ぽーにょ、ぽーにょ、ぽにょ、さかなのこ。

見に行ってる人、多いでしょうね。いいなあ。鹿児島へ日帰り映画鑑賞の旅に行きたいところです。

迫ってきた台風を高気圧がみごとにカット、西のかなたへ蹴り飛ばし(すみません台湾の皆さん)、屋久島は再び堂々たる夏の日に戻りました。

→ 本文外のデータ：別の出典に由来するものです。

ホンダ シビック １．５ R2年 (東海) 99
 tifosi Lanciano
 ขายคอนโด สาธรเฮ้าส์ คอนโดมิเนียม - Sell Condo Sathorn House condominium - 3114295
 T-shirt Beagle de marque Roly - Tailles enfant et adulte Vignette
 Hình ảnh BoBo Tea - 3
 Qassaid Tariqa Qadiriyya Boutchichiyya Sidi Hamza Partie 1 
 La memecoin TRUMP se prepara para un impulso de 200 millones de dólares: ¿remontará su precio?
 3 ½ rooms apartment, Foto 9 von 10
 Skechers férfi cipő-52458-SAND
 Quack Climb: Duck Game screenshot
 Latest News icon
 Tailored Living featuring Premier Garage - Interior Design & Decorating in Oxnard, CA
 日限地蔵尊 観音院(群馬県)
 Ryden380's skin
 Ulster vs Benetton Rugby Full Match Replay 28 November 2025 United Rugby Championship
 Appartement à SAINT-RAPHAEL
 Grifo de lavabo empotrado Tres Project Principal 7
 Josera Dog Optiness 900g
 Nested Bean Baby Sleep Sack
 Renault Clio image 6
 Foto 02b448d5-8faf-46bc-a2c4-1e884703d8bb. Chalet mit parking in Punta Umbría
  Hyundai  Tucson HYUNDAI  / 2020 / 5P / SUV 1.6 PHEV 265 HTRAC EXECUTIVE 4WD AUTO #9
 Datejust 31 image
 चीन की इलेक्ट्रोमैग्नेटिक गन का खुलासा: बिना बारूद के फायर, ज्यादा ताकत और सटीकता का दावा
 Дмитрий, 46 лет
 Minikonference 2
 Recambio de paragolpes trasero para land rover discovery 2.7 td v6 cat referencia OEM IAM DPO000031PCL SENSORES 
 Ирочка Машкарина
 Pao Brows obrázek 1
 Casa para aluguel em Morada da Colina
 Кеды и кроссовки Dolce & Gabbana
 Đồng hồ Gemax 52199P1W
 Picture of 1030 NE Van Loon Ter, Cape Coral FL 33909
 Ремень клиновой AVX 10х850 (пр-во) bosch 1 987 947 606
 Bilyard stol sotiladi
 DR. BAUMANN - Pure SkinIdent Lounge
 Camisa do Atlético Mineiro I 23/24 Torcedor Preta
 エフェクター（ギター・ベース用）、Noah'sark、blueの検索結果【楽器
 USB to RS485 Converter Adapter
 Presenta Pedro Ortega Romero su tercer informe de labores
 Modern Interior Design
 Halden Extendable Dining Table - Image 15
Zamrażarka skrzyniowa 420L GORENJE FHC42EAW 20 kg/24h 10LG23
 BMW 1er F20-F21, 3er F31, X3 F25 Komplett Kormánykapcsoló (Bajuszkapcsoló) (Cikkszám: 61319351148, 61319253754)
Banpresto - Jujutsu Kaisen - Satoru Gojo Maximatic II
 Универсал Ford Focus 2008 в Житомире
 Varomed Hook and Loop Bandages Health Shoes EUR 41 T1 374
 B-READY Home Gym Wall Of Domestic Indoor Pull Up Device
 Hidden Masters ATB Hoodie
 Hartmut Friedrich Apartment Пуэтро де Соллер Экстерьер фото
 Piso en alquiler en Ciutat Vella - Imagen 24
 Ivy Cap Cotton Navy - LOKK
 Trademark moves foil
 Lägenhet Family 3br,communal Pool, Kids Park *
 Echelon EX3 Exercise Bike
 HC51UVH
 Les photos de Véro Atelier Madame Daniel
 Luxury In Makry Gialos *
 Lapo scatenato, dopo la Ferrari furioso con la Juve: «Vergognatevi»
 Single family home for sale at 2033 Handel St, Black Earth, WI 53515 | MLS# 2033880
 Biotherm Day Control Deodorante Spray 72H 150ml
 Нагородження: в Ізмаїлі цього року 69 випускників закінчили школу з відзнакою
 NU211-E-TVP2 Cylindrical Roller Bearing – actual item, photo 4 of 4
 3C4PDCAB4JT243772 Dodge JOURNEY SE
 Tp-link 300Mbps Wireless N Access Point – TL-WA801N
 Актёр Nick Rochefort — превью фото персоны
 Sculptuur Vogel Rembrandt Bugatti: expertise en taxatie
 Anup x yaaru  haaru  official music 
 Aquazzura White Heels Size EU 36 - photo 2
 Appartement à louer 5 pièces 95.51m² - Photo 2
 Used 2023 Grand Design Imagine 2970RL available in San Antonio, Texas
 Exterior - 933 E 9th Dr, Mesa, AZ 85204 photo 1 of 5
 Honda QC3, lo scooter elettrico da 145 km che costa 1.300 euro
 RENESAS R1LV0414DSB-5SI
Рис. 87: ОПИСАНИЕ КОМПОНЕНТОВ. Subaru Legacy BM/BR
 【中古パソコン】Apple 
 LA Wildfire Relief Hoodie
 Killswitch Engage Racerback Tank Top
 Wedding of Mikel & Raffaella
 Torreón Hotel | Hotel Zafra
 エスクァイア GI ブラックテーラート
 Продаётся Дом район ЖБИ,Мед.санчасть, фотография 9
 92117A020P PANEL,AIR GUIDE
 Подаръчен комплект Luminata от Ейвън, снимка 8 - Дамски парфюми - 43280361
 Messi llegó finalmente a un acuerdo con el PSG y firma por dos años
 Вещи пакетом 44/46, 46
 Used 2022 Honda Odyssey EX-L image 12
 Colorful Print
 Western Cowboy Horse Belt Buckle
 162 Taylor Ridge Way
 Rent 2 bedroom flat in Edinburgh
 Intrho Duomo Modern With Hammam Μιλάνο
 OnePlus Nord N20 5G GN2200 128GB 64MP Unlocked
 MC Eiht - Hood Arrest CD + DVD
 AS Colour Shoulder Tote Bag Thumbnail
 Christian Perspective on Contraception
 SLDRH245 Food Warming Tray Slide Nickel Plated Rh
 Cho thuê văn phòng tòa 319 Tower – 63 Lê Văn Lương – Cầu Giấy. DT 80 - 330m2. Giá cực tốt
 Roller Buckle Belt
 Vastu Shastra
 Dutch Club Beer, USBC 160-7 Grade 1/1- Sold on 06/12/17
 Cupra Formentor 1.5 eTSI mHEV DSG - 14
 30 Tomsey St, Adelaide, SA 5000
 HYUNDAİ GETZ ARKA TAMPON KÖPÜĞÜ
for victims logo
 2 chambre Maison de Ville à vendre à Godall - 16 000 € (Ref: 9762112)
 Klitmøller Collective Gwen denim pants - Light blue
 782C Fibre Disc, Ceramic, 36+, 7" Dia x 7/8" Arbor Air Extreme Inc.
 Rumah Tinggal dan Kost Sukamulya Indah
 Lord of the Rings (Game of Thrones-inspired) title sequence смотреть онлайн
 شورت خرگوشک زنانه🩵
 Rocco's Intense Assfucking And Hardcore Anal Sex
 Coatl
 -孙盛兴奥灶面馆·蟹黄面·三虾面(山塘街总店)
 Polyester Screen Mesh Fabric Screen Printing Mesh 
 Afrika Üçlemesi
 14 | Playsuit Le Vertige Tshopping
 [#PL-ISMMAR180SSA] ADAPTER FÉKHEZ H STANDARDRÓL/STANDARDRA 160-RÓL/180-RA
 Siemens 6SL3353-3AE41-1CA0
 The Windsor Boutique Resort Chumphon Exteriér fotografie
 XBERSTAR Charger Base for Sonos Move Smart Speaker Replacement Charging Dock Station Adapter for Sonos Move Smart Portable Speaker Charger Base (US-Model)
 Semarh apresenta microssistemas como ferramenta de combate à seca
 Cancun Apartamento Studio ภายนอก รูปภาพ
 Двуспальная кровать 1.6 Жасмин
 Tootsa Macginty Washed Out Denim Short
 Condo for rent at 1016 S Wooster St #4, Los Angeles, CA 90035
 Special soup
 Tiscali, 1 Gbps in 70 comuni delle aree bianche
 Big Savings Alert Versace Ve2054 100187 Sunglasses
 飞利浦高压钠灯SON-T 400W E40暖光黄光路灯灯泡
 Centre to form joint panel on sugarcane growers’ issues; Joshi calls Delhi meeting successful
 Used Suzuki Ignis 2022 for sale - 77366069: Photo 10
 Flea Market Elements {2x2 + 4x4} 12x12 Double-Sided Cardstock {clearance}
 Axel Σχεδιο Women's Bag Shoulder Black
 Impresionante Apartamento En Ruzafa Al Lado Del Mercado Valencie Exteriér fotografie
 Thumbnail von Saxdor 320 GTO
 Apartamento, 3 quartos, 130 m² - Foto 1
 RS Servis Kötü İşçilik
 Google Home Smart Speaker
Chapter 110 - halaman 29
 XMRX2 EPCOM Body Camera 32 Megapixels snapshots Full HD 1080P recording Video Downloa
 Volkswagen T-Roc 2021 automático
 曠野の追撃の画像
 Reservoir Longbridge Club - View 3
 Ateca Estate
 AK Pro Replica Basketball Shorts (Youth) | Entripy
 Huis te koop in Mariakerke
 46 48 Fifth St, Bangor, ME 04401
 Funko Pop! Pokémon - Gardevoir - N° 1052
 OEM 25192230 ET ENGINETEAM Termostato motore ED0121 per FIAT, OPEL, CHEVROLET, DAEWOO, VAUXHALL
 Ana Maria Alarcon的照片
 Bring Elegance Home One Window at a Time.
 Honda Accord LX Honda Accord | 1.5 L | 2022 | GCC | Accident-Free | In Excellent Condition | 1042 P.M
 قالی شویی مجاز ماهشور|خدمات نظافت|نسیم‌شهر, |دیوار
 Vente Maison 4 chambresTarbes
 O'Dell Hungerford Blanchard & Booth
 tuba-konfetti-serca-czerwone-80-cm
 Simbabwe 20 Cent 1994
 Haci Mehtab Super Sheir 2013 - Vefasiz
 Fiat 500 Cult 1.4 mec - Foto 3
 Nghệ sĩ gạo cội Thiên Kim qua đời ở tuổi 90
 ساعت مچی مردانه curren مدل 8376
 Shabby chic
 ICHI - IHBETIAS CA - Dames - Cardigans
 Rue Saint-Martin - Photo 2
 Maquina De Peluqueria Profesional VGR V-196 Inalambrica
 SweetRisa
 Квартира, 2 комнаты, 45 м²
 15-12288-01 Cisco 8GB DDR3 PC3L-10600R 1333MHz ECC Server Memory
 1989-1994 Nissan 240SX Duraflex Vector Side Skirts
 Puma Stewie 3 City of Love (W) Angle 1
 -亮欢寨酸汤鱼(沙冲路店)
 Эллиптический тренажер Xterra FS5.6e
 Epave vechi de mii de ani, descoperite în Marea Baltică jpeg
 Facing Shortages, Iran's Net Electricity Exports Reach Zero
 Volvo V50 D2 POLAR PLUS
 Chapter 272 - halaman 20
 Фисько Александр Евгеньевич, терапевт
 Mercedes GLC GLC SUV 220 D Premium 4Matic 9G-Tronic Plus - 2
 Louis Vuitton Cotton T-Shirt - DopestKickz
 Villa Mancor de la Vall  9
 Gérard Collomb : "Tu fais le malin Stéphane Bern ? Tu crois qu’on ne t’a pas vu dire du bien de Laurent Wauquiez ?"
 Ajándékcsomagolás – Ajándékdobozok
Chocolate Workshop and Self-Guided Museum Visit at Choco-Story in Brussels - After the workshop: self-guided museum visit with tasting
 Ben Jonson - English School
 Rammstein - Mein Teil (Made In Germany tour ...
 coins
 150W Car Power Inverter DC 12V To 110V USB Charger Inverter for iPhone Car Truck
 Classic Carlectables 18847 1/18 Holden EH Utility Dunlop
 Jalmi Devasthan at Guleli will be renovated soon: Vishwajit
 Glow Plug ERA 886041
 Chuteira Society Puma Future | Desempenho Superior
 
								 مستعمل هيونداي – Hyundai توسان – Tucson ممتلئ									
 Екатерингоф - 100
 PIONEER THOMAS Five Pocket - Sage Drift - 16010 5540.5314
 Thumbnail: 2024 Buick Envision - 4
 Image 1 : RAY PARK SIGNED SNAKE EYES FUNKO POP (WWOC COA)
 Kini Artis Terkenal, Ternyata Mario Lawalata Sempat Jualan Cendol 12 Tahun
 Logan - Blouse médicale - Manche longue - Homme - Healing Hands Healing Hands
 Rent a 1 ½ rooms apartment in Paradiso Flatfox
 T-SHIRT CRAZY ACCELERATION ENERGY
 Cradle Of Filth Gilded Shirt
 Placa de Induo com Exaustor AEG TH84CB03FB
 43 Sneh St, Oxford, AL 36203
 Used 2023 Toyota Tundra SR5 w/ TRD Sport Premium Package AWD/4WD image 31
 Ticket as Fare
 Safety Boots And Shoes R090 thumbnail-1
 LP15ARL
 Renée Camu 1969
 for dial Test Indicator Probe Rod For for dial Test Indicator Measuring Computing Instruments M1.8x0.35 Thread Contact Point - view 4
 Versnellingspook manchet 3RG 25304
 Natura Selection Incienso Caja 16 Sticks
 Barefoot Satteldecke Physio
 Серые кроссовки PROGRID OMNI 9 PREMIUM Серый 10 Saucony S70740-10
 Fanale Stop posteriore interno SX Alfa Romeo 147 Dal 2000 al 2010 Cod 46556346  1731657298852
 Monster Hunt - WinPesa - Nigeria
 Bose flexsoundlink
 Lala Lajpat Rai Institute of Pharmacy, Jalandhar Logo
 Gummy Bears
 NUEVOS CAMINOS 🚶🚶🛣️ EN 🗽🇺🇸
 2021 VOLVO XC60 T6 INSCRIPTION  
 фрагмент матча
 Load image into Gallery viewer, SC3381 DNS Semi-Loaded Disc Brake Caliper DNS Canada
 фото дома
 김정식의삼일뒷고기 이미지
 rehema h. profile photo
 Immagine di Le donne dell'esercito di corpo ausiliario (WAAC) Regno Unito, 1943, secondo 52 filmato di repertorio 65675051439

昨日のヤクスギランドツアーはこの上なく快適でした。なにしろ麓より1000mも標高が高いので、常春の楽園のようなものです。涼しいそよかぜの中くつろいで話し込んでいると動きたくなくなり、あやうく最終便の飛行機に遅れそうになりました。(すみませんでした、HさんMさん)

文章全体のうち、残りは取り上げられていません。